Uh, wow. I'd certainly say that counts as interesting...

I'd definitely run a memtest after seeing this, and not try to do any more debugging until I've actually ruled out bad RAM.

lucmove · 09-22-2020, 05:51 PM

What kind of test would you run and, assuming memory is bad, why does it affect that directory only?

dugan · 09-22-2020, 05:54 PM

https://www.memtest86.com/

This was the standard test for faulty RAM last time I checked, which admittedly was a while ago.

lucmove · 09-22-2020, 05:57 PM

assuming memory is bad, why does it affect that directory only?

dugan · 09-22-2020, 05:59 PM

Quote:

Originally Posted by lucmove

assuming memory is bad, why does it affect that directory only?

That question is unanswerable.

If it turns out that your memory is good, then "why does that it affect that directory only" becomes extremely interesting.

dugan · 09-22-2020, 06:23 PM

You also need to scan the hard drive for bad sectors/bad blocks. That's definitely another potential cause, and it's more directly relevant to "why is this directory the only one affected?"

I'll just take the liberty of posting one link:

https://www.tecmint.com/check-linux-...rs-bad-blocks/

This is much more likely to be a hardware issue than to be a kernel bug (which, really, is the alternative explanation).

lucmove · 09-22-2020, 06:50 PM

Thanks. I am very familiar with badblocks. I don't like it because I once bought a new hard disk and decided to check it with badblocks which accused about thirty-odd bad blocks. I had the disk returned/replaced and the new one had many bad blocks too! The vendor refused to replace it again and I sucked it up, but ended up using that hard disk for more than ten years without a single problem. I still have it and it works. I just hardly ever use it anymore because I bought much larger disks and outgrew it.

Now, I just rebooted and the directory is working normally. The mail application isn't freezing anymore either, all the messages are there. Nothing turns up in dmesg either. The problem seems to be gone.

I should just point out that the machine froze when I issued the reboot command and I had to hard reset it.
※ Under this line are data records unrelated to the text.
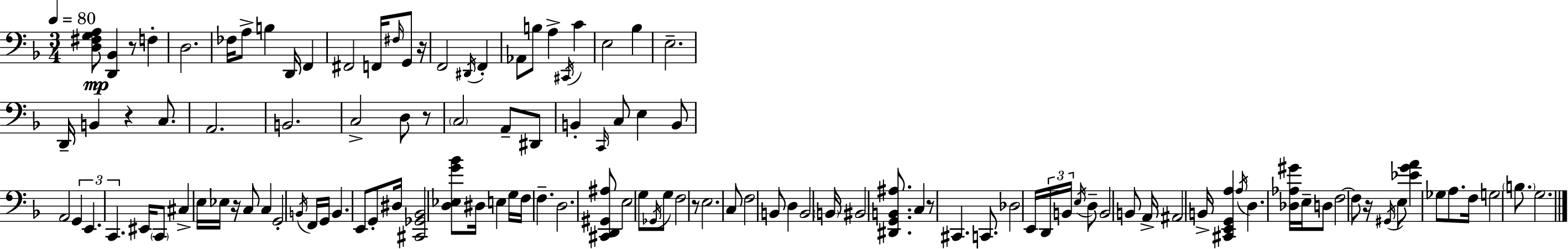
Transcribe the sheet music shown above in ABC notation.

X:1
T:Untitled
M:3/4
L:1/4
K:F
[D,^F,G,A,]/2 [D,,_B,,] z/2 F, D,2 _F,/4 A,/2 B, D,,/4 F,, ^F,,2 F,,/4 ^F,/4 G,,/2 z/4 F,,2 ^D,,/4 F,, _A,,/2 B,/2 A, ^C,,/4 C E,2 _B, E,2 D,,/4 B,, z C,/2 A,,2 B,,2 C,2 D,/2 z/2 C,2 A,,/2 ^D,,/2 B,, C,,/4 C,/2 E, B,,/2 A,,2 G,, E,, C,, ^E,,/4 C,,/2 ^C, E,/4 _E,/4 z/4 C,/2 C, G,,2 B,,/4 F,,/4 G,,/4 B,, E,,/2 G,,/2 ^D,/4 [^C,,_G,,_B,,]2 [D,_E,G_B]/2 ^D,/4 E, G,/4 F,/4 F, D,2 [^C,,D,,^G,,^A,]/2 E,2 G,/2 _G,,/4 G,/2 F,2 z/2 E,2 C,/2 F,2 B,,/2 D, B,,2 B,,/4 ^B,,2 [^D,,G,,B,,^A,]/2 C, z/2 ^C,, C,,/2 _D,2 E,,/4 D,,/4 B,,/4 E,/4 D,/2 B,,2 B,,/2 A,,/4 ^A,,2 B,,/4 [^C,,E,,G,,A,] A,/4 D, [_D,_A,^G]/4 E,/4 D,/2 F,2 F,/2 z/4 ^G,,/4 E,/2 [_EGA] _G,/2 A,/2 F,/4 G,2 B,/2 G,2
I ran memtest and no error was detect. Then I finally logged in again and everything seems normal.

I have no idea what happened.

MadeInGermany · 09-23-2020, 06:33 PM

With a bad disk block you should get an I/O error message. But you got a paging error, that has to do with virtual memory, for example bad RAM.
Do you have a swapfile? Was it manipulated while in use by the kernel?

Code:

free -m

scasey · 09-23-2020, 06:38 PM

Quote:

Originally Posted by lucmove

Now, I just rebooted and the directory is working normally. The mail application isn't freezing anymore either, all the messages are there. Nothing turns up in dmesg either. The problem seems to be gone.

I should just point out that the machine froze when I issued the reboot command and I had to hard reset it. I ran memtest and no error was detect. Then I finally logged in again and everything seems normal.
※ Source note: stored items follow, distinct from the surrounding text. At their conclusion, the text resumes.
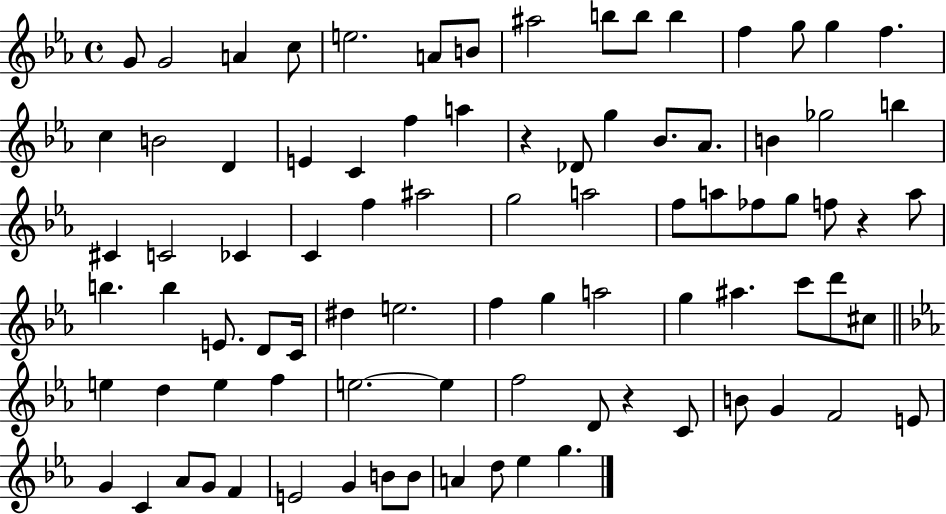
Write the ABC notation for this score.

X:1
T:Untitled
M:4/4
L:1/4
K:Eb
G/2 G2 A c/2 e2 A/2 B/2 ^a2 b/2 b/2 b f g/2 g f c B2 D E C f a z _D/2 g _B/2 _A/2 B _g2 b ^C C2 _C C f ^a2 g2 a2 f/2 a/2 _f/2 g/2 f/2 z a/2 b b E/2 D/2 C/4 ^d e2 f g a2 g ^a c'/2 d'/2 ^c/2 e d e f e2 e f2 D/2 z C/2 B/2 G F2 E/2 G C _A/2 G/2 F E2 G B/2 B/2 A d/2 _e g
I have no idea what happened.

My guess would be that the memory got corrupted when you aborted the copy. Rebooting flushed the memory.
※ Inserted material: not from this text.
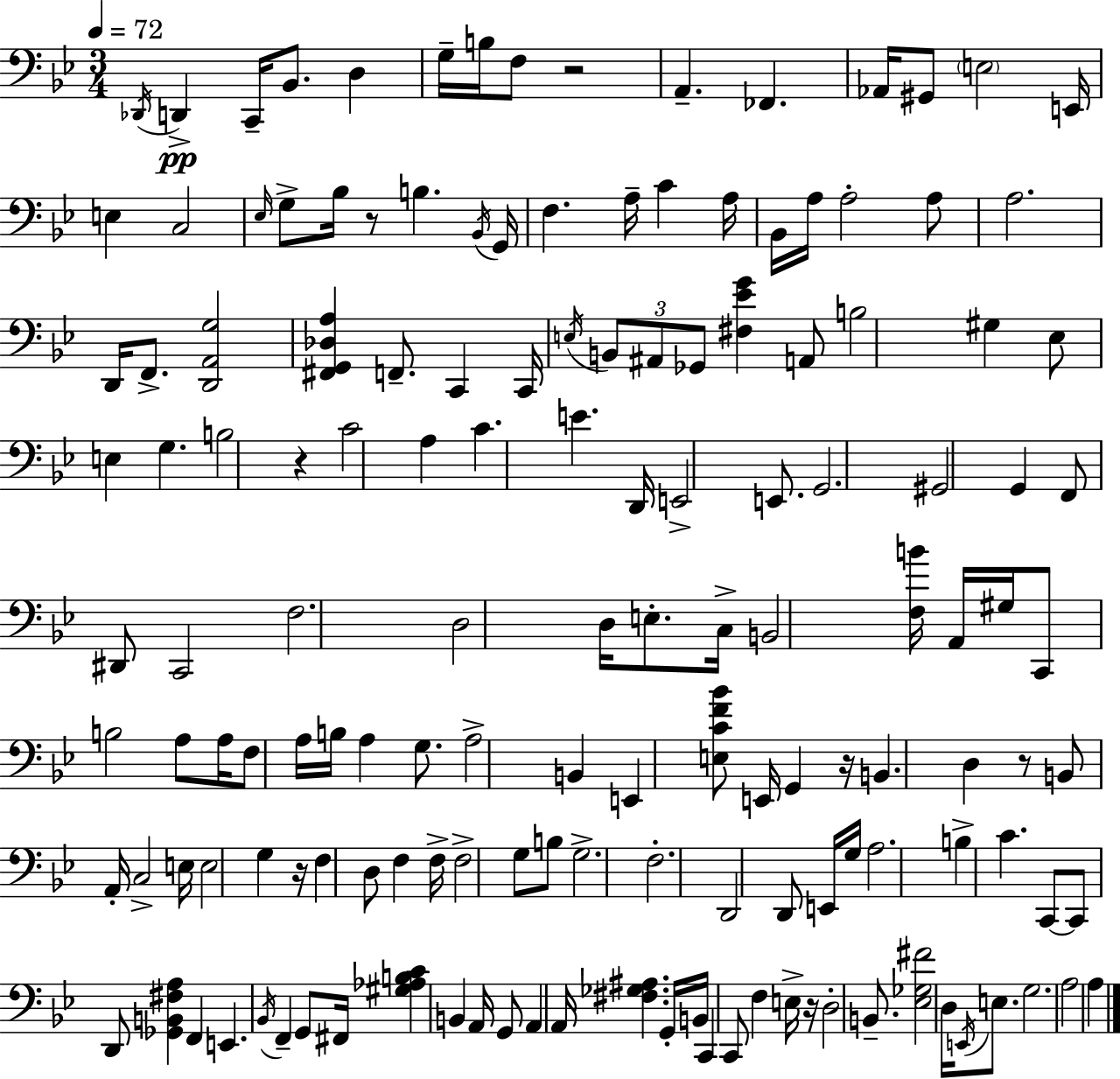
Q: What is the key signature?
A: BES major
lucmove · 09-24-2020, 01:01 AM

Quote:

Originally Posted by MadeInGermany

With a bad disk block you should get an I/O error message. But you got a paging error, that has to do with virtual memory, for example bad RAM.
Do you have a swapfile? Was it manipulated while in use by the kernel?

Code:

free -m

I haven't had a swap file or partition for almost 10 years. The system has been running smoothly all this time. If this problem was caused by lack of swap, it was the very first one.

MadeInGermany · 09-24-2020, 02:30 AM

Then I suspect a bug in the kernel, most likely the driver for your disk.
Look for updates!

Last but not least, there are possible hardware faults like a distortion on a power line, leading to random corruptions...

Once I met a series of hard disks with faulty embedded SRAM cache. Very nasty, all types of hangings, malfunctions, corruptions occurred. Finally we detected a bit flip in a corrupted data file. Contacted the vendor: the bit flip error was already suspected and examined. We got new disks

dugan · 09-24-2020, 04:31 PM

There are a lot of hardware issues that could have caused this. Overheating is another possibility.